_Instructions to follow:_
Return the lines below exactly, please, from the one containing "Imprsv Marquee Letters" through the last one, both included, and leave out any pictures.

_Provided data:_

- - -

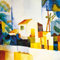 1art1 August Macke Poster Das Helle Haus, 1914 Kunstdruck Bild 100x100 cm
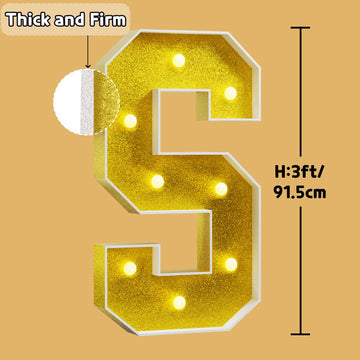 Imprsv Marquee Letters Gold 3Ft: Golden Party Decor - Light Up Letter S Large 3 Feet Tall - Party Decorations Letter For Birthda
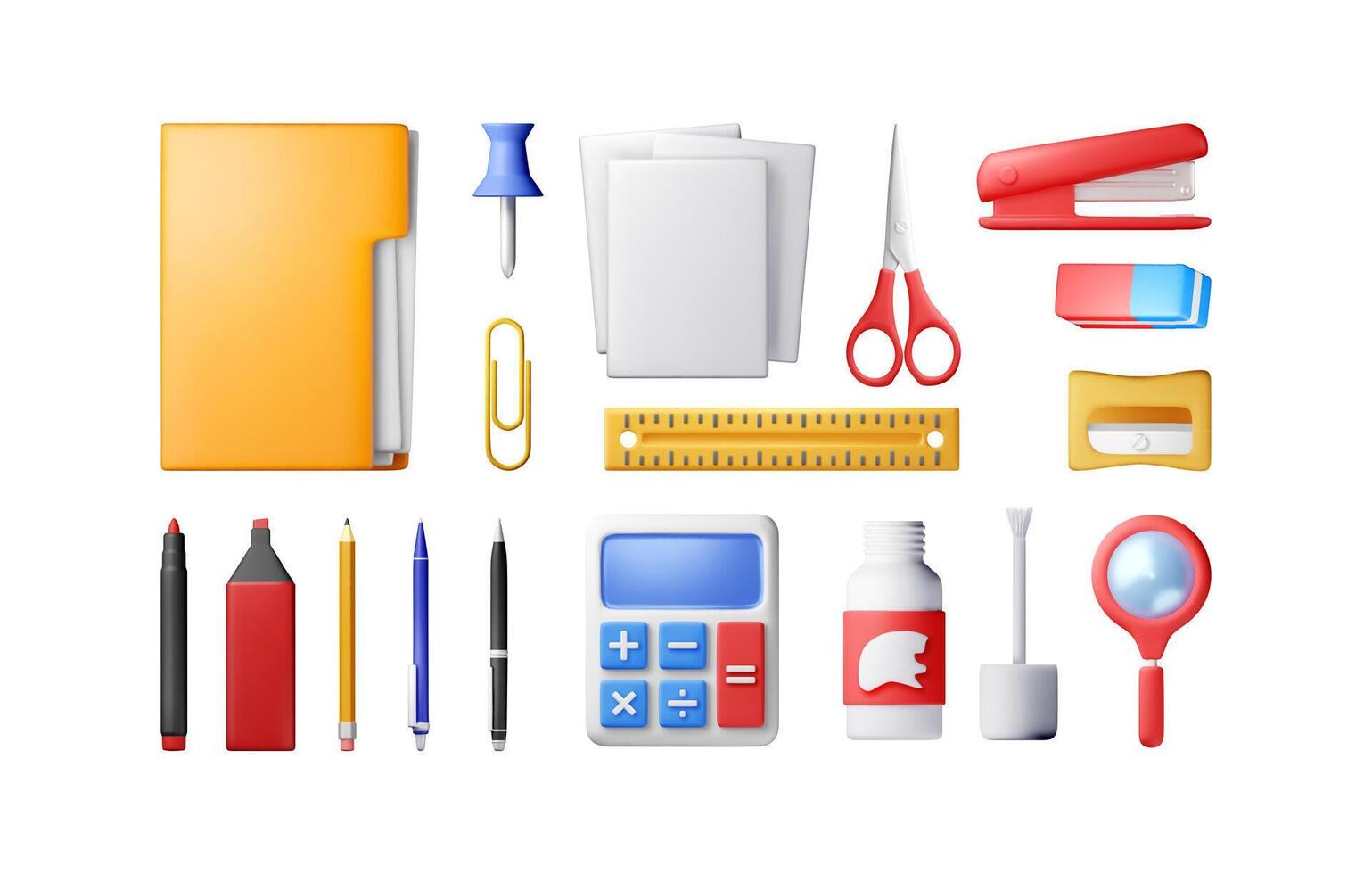 3D stationery set icons isolated. Render collection of office supply. Papers, ruler, folder, pencil, pen, calculator, scissors. Office supply, school and education equipment vector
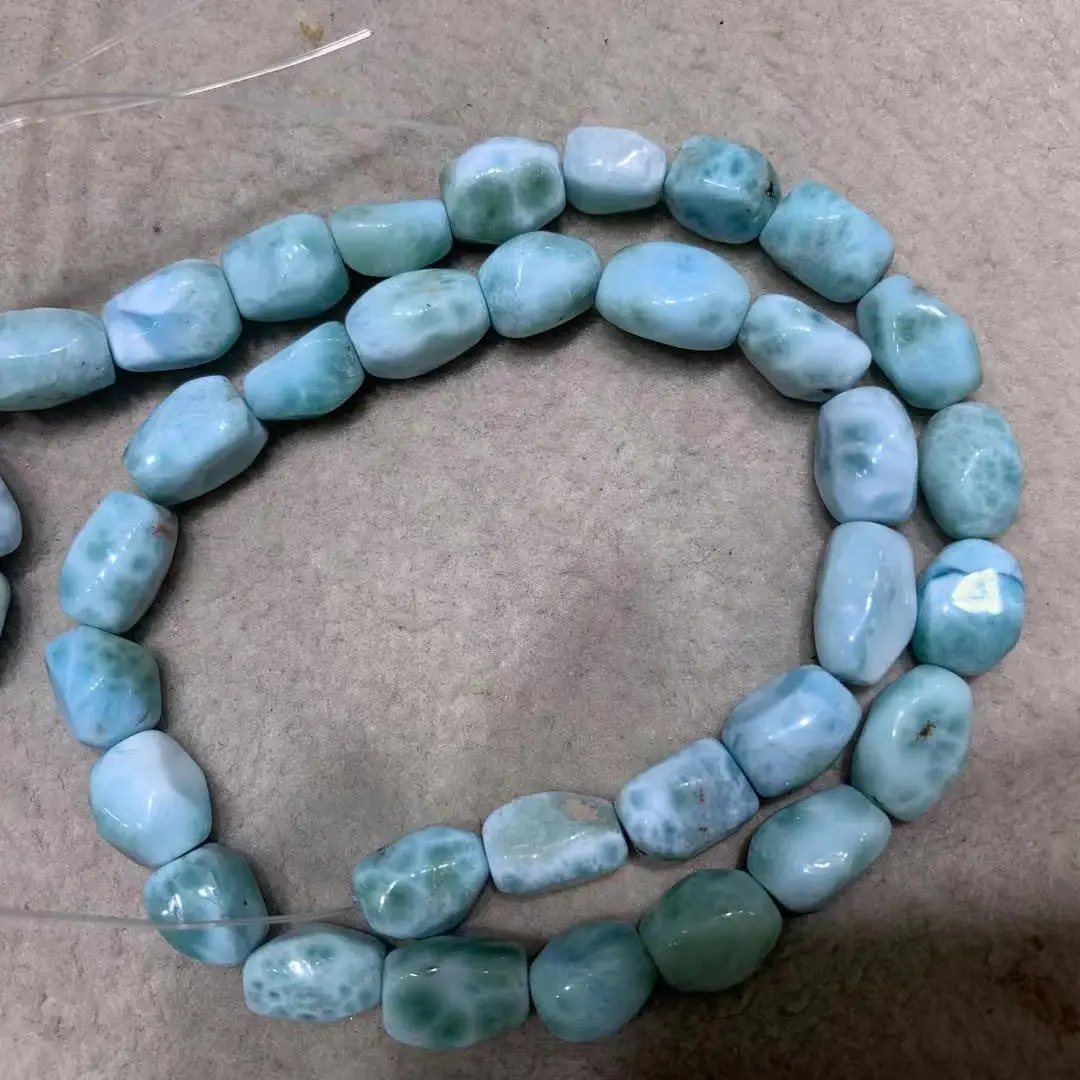 

AAA High Quality Natural Genuine Dominicana Larimar Nugget Free Form Fillet Irregular Pebble Beads Fit Jewelry 15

- - -

_Task output:_
 Imprsv Marquee Letters Gold 3Ft: Golden Party Decor - Light Up Letter S Large 3 Feet Tall - Party Decorations Letter For Birthda
 3D stationery set icons isolated. Render collection of office supply. Papers, ruler, folder, pencil, pen, calculator, scissors. Office supply, school and education equipment vector

AAA High Quality Natural Genuine Dominicana Larimar Nugget Free Form Fillet Irregular Pebble Beads Fit Jewelry 15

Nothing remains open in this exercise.